INFORMATION SUPPLIED
Start of Block
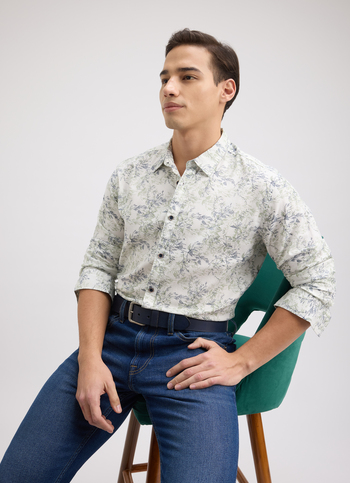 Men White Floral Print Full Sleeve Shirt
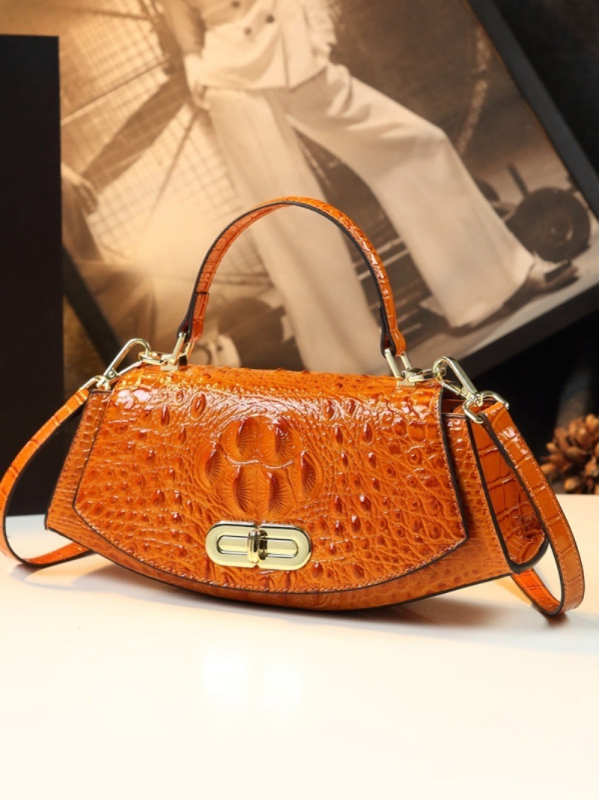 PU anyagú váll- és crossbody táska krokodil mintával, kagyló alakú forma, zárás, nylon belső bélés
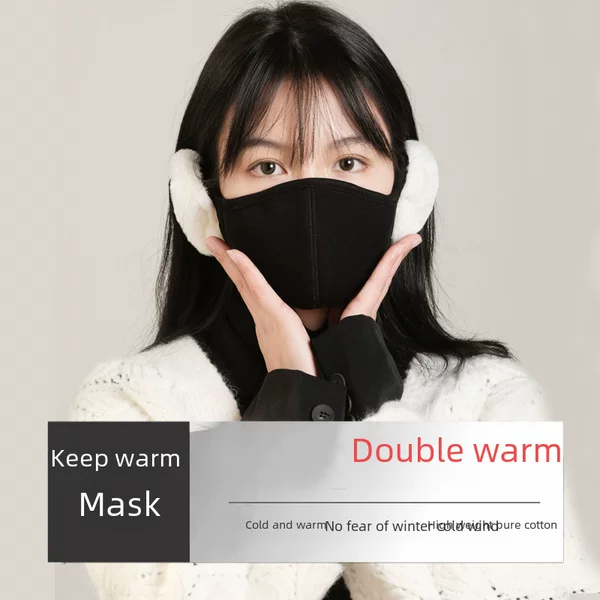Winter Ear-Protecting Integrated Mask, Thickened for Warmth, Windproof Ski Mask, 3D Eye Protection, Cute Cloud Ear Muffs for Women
End of Block
EXERCISE INSTRUCTIONS
I'd like the data above duplicated exactly, with no pictures included.

REPLY
 Men White Floral Print Full Sleeve Shirt
 PU anyagú váll- és crossbody táska krokodil mintával, kagyló alakú forma, zárás, nylon belső bélés
Winter Ear-Protecting Integrated Mask, Thickened for Warmth, Windproof Ski Mask, 3D Eye Protection, Cute Cloud Ear Muffs for Women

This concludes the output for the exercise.